Andan por ahí contando, con aire de estar chivando, que el líder de un partido español se reunió con el líder de un partido vasco por lo no visto a escondidas. Se denuncia que incluso hablaron, es más, que quizás hasta negociaron entonces, allá por 2018, los términos de una moción de censura. Se añade que hubo más asistentes al encuentro, que por si fuera poco no se celebró en el reservado de un restaurante ni en el sótano de un aparcamiento, no: se llevó a cabo en un caserío. Nada más y nada menos que en un caserío.
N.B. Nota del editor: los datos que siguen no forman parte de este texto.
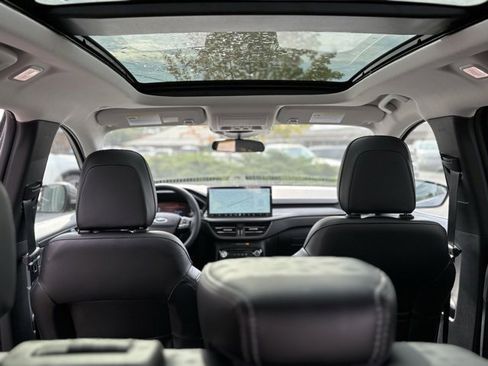 New 2025 Ford Escape SE image 37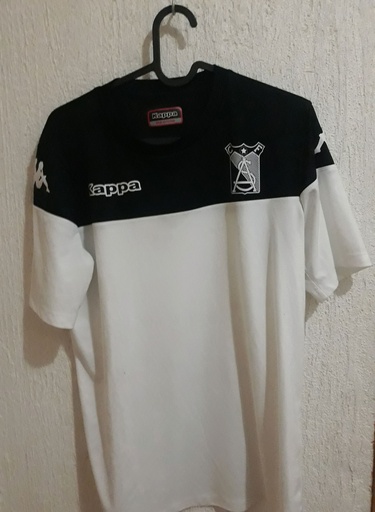 Camiseta sin nombre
Saltada la liebre, ambos dirigentes han negado casi al unísono la cita, uno tirando de caída de ojitos y monosílabos negativos, y el otro ofreciendo su dimisión a quien demuestre semejante fechoría. Yo ni creo ni descreo, pero me asombra tanto el tono de la protesta como la solemnidad del desmentido. No hace falta partirse la camisa. Pues, que se sepa, es legal que dos mandamases políticos conversen; es lógico que mercadeen con sus asuntos, que por cierto son los nuestros; es habitual que lo hagan sin cámaras y también es corriente que en el trato se acompañen de algún correligionario. La culpa, de haberla, la va a tener el dichoso caserío, icono de la alevosía y la nocturnidad. Del caserío no me fío.

De modo que sobra esa afición por las jeremiadas ocultistas y las confabulaciones rurales. Ya ni rentan. Pues resulta absurdo criticar supuestos amores clandestinos, o afanarse en refutarlos, cuando la pareja lleva ya años follando en público, y no en un tabuco de As Bestas, no: en pleno Congreso de los diputados, con luz y taquígrafos. O como cantara Shakira: clara-mente.